At four places during those ten years–1974-83–the tension really increased internally.
- When Ralph Bohlmann, the new president at Concordia Seminary, threatened to sue if we didn’t stop calling ourselves “Concordia Seminary” in Exile. Group 2 said: “Good, we’ll be hauled in before magistrates to confess. Jesus predicts just such scenarios. We’ve got one!” Group 1 said “Go to court? Before magistrates? Come now, let’s be reasonable. We’ll change the name. We’re called Seminex now anyhow. So how about Christ-Seminary – Seminex?” And so it was.
- May Massacre 1977. Seven colleagues — contracts not renewed. “Money is short, we just have to do it.” Others said: “During a time for confessing you can’t throw anybody out of the boat. Let’s go on reduced rations.” The colleagues departed.
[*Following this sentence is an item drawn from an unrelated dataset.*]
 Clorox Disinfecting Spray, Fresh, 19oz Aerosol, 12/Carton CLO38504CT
- Internal governance. Bob Bertram’s genius creation of a community “order” for our life together. A tour-de-force of two-kingdom organization for an outfit that was both a community of God’s right hand and a community of God’s left hand. The “rule” in this order was, said Bob, taken from the Dominicans at the time of their founding in the13th century: The decision-makers shall be the consequence-takers, and the consequence-takers shall be the decision-makers. It was adopted–by the three “member classes” of Seminex’s constitutional order–faculty member class, student member class, and board of directors (representing our supporting constituency, our “Third Member Class”). But Tietjen was unhappy with it. Not his style of leadership. For him and others Bob’s collaborative model was just too cumbersome, and piece by piece it was dismantled.
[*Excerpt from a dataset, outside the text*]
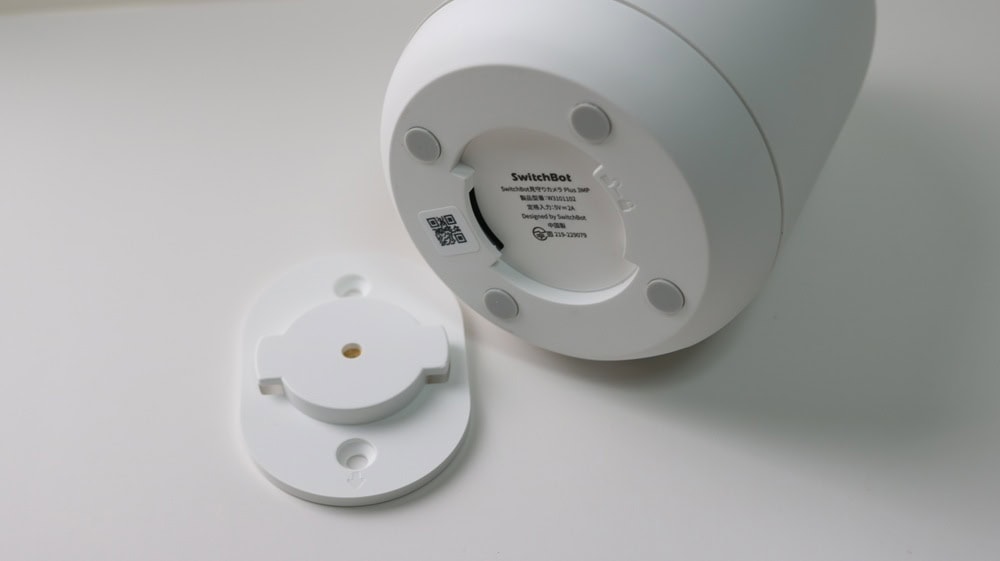 SwitchBot見守りカメラPlus 3MPの取り付け台座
- The decision to “deploy” faculty after our 10 years of existence in St. Louis to Lutheran School of Theology in Chicago, Pacific Lutheran Theological Seminary (Berkeley CA) and the American Lutheran Church’s mini-seminary in Austin, Texas. And, sadly, let students still with us fend for themselves. On the faculty side Bertram, Fuerbringer, Schroeder, Dave Krause all said “NO, let’s keep the community together. It’s still a time for confessing. This time in the upcoming ELCA, that’s for sure. So let’s take Seminex as a unit into the new ELCA, a different kind of seminary–in umpteen ways. A unique gift that’s been given to us, and now we bring to the ELCA. And we’ll continue to raise our own funds, etc. Won’t cost Mother Church a nickel.”
Other side said: “Let’s go to these other seminaries where we already have friends–especially on HCM issues and other “moderate” stuff–and besides they’ve invited us to come. Now is the time.”
The student member class voted by a big majority to keep the community together and take Seminex into the ELCA as a “different” sort of seminary, But four in the faculty member class is not a majority among some 40 folks. And the board didn’t think that was a good idea either. “Enrollment continues to decline, ditto for money; we’ll be dead before long if we don’t do something like this.” So two of the three member classes–faculty and board–said: Let’s go. After that it was “splained” again to the student member class, and by a modest majority they too said OK, let’s go. And so it happened.
Well, that’s the report from one who was a loser on all four of those issues. To hear the other side, talk to dear Seminex colleagues from those days (half of whom are still alive) who viewed each of these episodes through different lenses.